Car Mathilde se « prépare depuis des mois » à recevoir des critiques sur son « activité décriée ». Si cette femme de 38 ans « conçoit parfaitement » la méfiance que les gens peuvent avoir à l’égard de sa profession, il lui semblait nécessaire de parler de son expérience. « J’ai énormément de consœurs qui sont ravies que l’une d’entre nous ose témoigner à visage découvert, explique-t-elle. Elles sont contentes que je change les choses, qu’on puisse vivre de manière libre, comme n’importe quel travailleur et citoyen. »

Elle choisit ses clients et ses prestations

Changer les choses ? Mathilde Davril déclare en effet qu’elle en a assez de « l’image de la prostituée comme une jeune femme perdue, qui se drogue, qui a beaucoup de problèmes, et qui ne peut rien faire d’autre que vendre ses fesses », dit-elle. Pour autant, elle n’oublie pas que la prostitution est rarement un choix, et que les clients peuvent être violents. Mais elle juge important de rappeler que des femmes comme elle, des « trentenaires lambda », vendent leur corps de leur plein gré.

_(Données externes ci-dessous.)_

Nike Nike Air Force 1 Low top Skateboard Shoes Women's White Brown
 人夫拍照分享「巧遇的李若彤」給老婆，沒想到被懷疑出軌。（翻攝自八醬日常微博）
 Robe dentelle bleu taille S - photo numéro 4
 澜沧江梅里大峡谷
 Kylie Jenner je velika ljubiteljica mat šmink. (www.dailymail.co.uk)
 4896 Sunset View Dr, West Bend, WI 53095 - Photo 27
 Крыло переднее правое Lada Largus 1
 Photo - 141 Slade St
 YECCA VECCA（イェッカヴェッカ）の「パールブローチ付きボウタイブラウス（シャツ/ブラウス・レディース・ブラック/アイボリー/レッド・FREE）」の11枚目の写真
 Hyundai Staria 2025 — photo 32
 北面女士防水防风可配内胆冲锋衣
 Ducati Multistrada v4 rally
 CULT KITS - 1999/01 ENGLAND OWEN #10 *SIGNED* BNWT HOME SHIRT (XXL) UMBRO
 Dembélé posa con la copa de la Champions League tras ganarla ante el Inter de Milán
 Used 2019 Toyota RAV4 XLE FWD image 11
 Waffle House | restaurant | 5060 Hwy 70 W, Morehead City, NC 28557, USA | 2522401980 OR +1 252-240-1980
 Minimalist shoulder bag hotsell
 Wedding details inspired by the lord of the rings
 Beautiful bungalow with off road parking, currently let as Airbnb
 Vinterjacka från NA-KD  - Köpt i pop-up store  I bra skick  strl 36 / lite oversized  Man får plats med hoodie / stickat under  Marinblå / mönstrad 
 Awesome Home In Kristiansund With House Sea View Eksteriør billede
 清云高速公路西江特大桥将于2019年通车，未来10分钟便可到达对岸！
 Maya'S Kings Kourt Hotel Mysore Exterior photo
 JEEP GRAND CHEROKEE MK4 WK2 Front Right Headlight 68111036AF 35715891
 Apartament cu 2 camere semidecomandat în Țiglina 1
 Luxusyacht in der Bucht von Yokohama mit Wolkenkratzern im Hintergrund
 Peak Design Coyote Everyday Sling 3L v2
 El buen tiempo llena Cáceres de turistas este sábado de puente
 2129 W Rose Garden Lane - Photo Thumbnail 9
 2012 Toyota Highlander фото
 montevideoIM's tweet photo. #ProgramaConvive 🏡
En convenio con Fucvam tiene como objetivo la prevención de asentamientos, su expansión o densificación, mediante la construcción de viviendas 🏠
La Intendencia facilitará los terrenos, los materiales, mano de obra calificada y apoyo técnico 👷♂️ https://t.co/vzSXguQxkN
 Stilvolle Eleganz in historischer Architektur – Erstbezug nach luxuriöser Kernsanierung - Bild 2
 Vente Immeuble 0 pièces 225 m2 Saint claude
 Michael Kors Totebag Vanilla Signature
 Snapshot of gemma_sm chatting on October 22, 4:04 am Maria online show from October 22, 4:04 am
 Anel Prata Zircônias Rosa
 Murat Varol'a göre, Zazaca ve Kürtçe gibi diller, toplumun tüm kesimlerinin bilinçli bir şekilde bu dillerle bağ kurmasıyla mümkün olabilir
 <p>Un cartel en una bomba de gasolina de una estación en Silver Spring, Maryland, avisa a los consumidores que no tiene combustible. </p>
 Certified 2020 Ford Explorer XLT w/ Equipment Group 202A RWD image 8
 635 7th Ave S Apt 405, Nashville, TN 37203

C’est à 28 ans qu’elle a franchi le cap pour la première fois : « En tant que célibataire, on utilise des applis de rencontres, les hommes nous invitent au restaurant, nous offrent des verres en boîte… Ils payent pour obtenir du sexe et une fois qu’ils l’ont eu, ils disparaissent. J’ai donc eu le sentiment d’être une prostituée gratuite. Et je me suis dit que j’allais pousser le bouchon un peu plus loin », explique-t-elle.

Depuis, Mathilde Davril sélectionne ses clients, et choisit ce qu’elle accepte, ou non, de faire. Ce n’est pas parce qu’elle est escort girl qu’elle est devenue « un produit Amazon que tu commandes en un clic », précise-t-elle. Se définissant comme « libre et indépendante » depuis toute petite, elle ajoute : « Ce n’est pas parce qu’ils me payent que je dois être redevable. Au contraire, c’est moi la patronne. C’est moi qui décide ce que j’accepte ».

Des adaptations possibles à l’écran

Aujourd’hui, Mathilde continue de pratiquer l’escorting. Mais après un an à s’être consacrée à ce livre, elle songe désormais à lui donner vie : « J’ai d’autres projets qui sont liés au livre, comme une série et un film. C’est encore en pourparlers, j’en discute avec une scénariste et un agent », annonce la jeune femme.

Désormais, Mathilde n’attend plus vraiment rien de l’amour, mais elle n’exclut pas de former un jour un couple. Elle tient cependant à le prévenir : maintenant, pour la jeune femme, c’est « soit tu me payes, soit tu m’épouses ».